The financial penalty power will enable the regulators to impose fines on entities of up to 4% of group annual worldwide turnover. Modest compensation for low level distress will probably be no less than £1,000 per person, with no upper cap. If the litigation risk is modelled by reference to some of world’s largest data breach cases (those affecting personal data), which have exceeded 100 million people on a number of occasions, the financial exposure is £1e+11 (100 million people affected x £1,000 per person), i.e., too big for the calculator app on an iPhone to present in digits.
What we are talking about is a potentially ruinous legal risk for big businesses operating in Europe. Surely when the penny drops, we will see share price volatility.
When looking at legal risk, businesses should not forget the evidential value to lawyers of past wrongful behaviour.

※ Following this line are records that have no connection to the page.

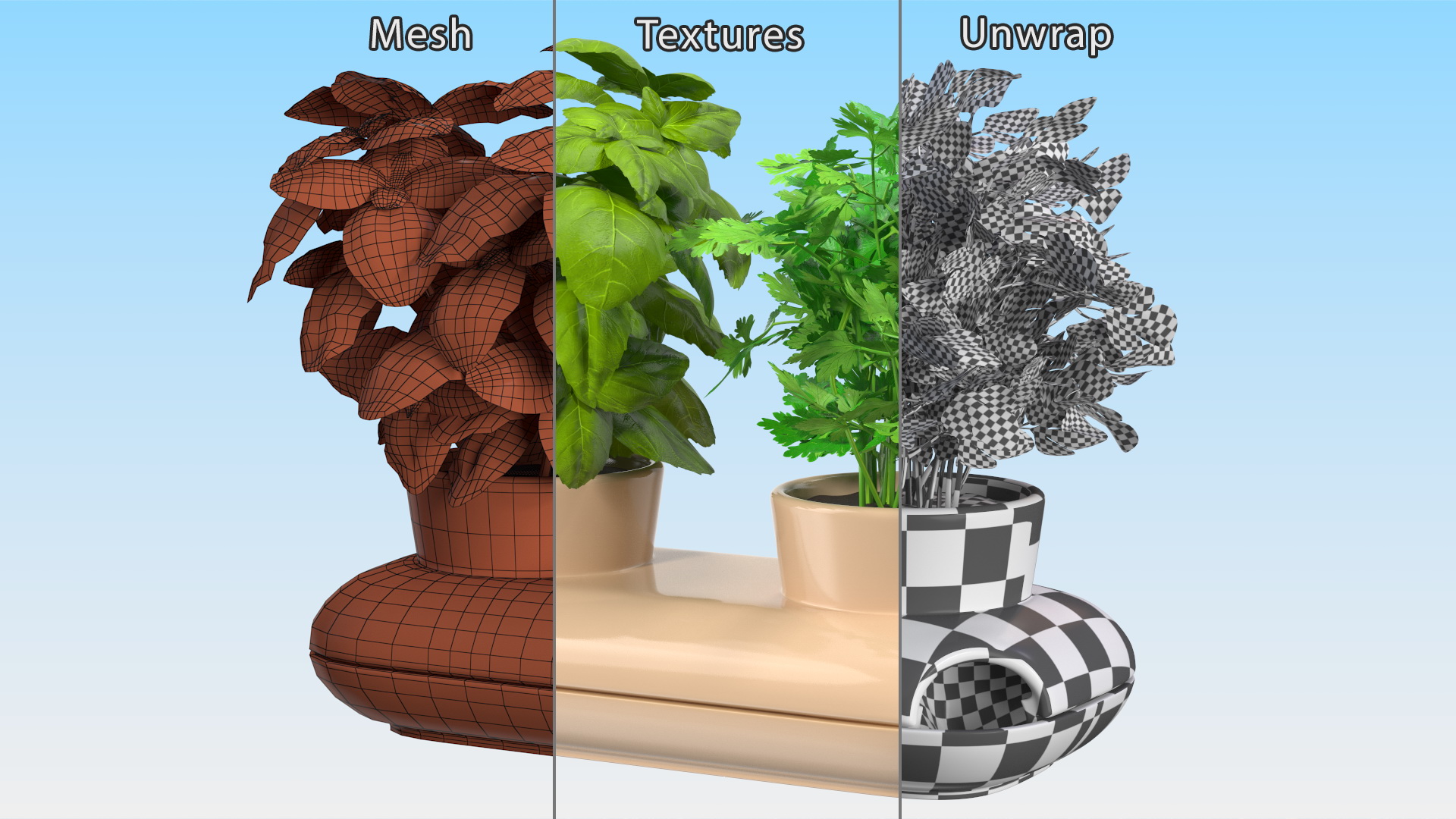 3D Sagaform Double Pot with Herbs Beige
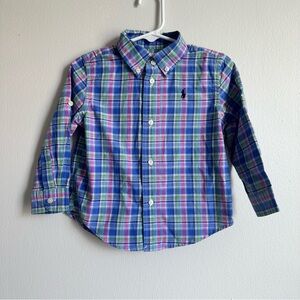 Polo by Ralph Lauren Kids Blue Plaid Shirt Size 24 M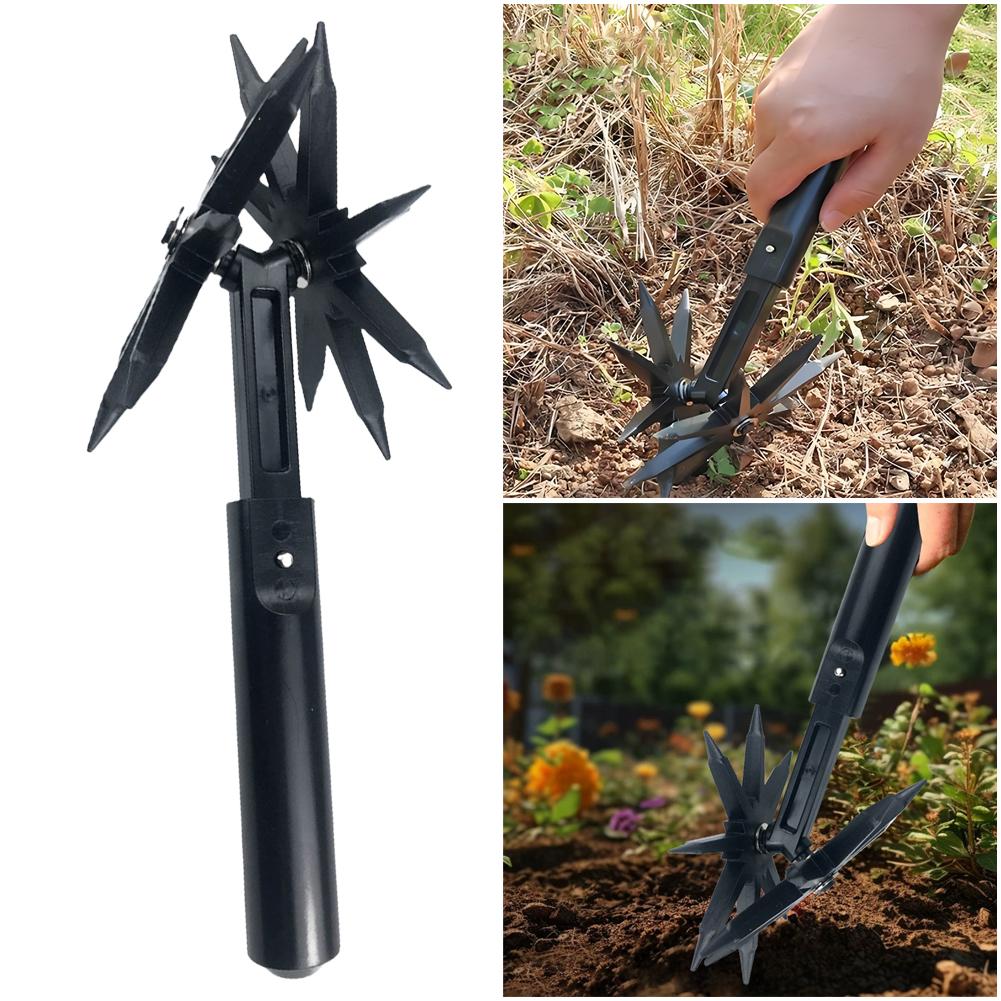 2 in 1 Garden Rotary Cultivator Lawn Loosening Rotary Tiller Soil Tiller Aerator Lawn Tool for Reseeding Grass Soil Mixing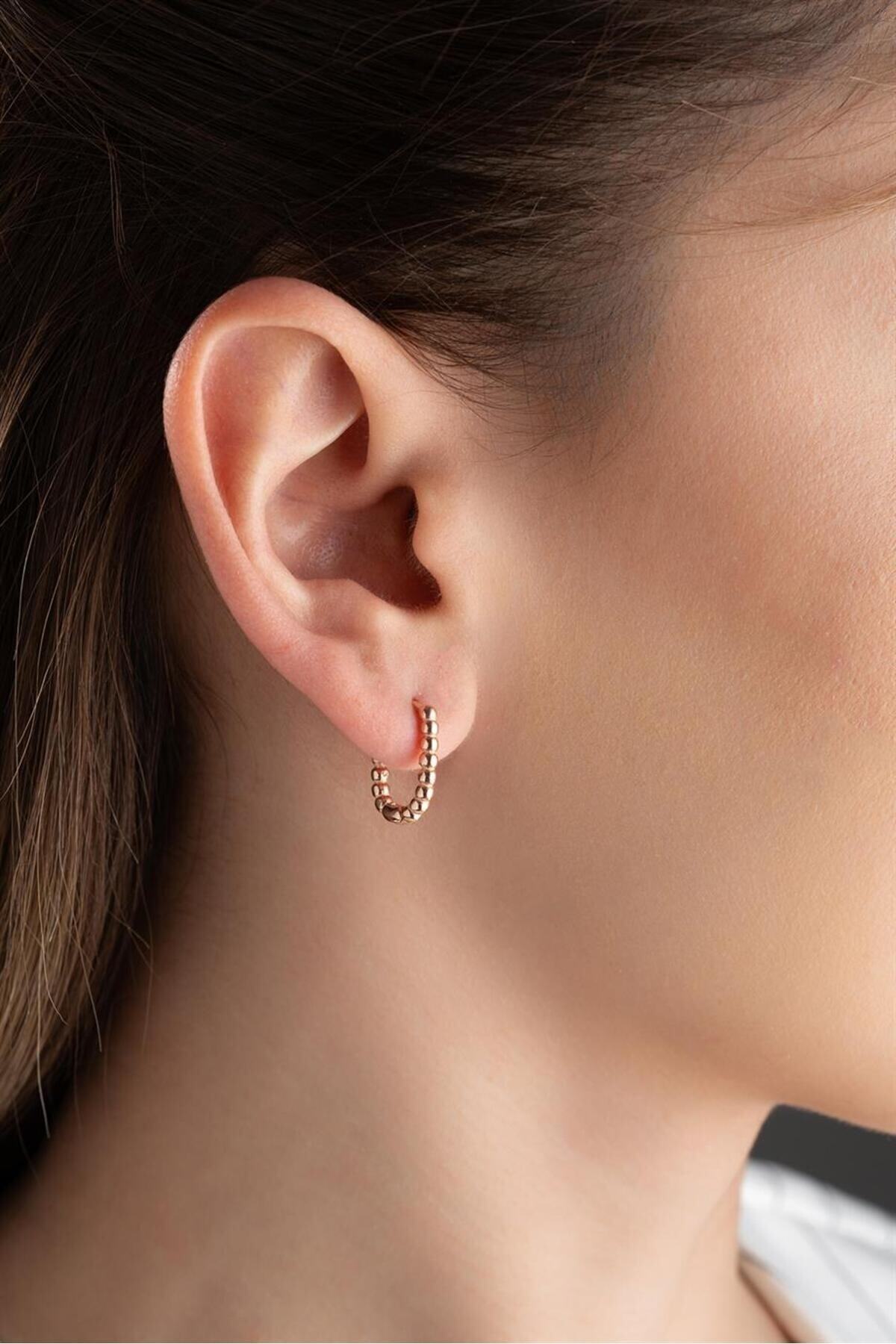 Rose Halka Gümüş Küpe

A serious historical privacy or security breach in one country may be legally significant at some point in the future in another country. If your point of view is that a US Federal Trade Commission fine of $20m is loose change for a big multi-national and therefore non-significant, which is a view that some business people hold, perhaps your point of view may change when you appreciate that the historical failure may be sufficiently relevant enough to help fix you with £1e+11financial exposure in Europe at some point in the future. For good and bad, security and privacy is built on a web of interdependencies and one of them is the foreseeability of harm in a legal sense that follows from past failures.
Therefore, when judging legal risk, entities would be wise to reflect on the fact that there is now global legal connectivity as far as failure events are concerned.
There is much more to security and privacy than compliance and risk.
There is also the economic interest in gaining commercial advantages from the use of personal data. Gaining better customer insights and providing them with personalised services are now recognised by many in the hotel industry as core business goals.
In order to properly bring together the interests of economic advantage, risk management and compliance with legal obligations, entities need to develop an appropriate Vision for their desired end state. That Vision will take account of the entity’s “special characteristics” and the points of view of all necessary stakeholders. Once a Vision has been set, a strategy to deliver the Vision can be developed and appropriate structures can be put in place.
When the lessons of failure are examined (failure of data handling projects, such as Single Customer View systems, and failure in the sense of security and privacy breaches), it becomes obvious that the absence of an appropriate Vision is at root cause.
People responsible for security and privacy in hotels ought to ask themselves whether their entities have appropriate Visions for desired end states. If not, they should bring together the stakeholders to discuss ways to take things forward.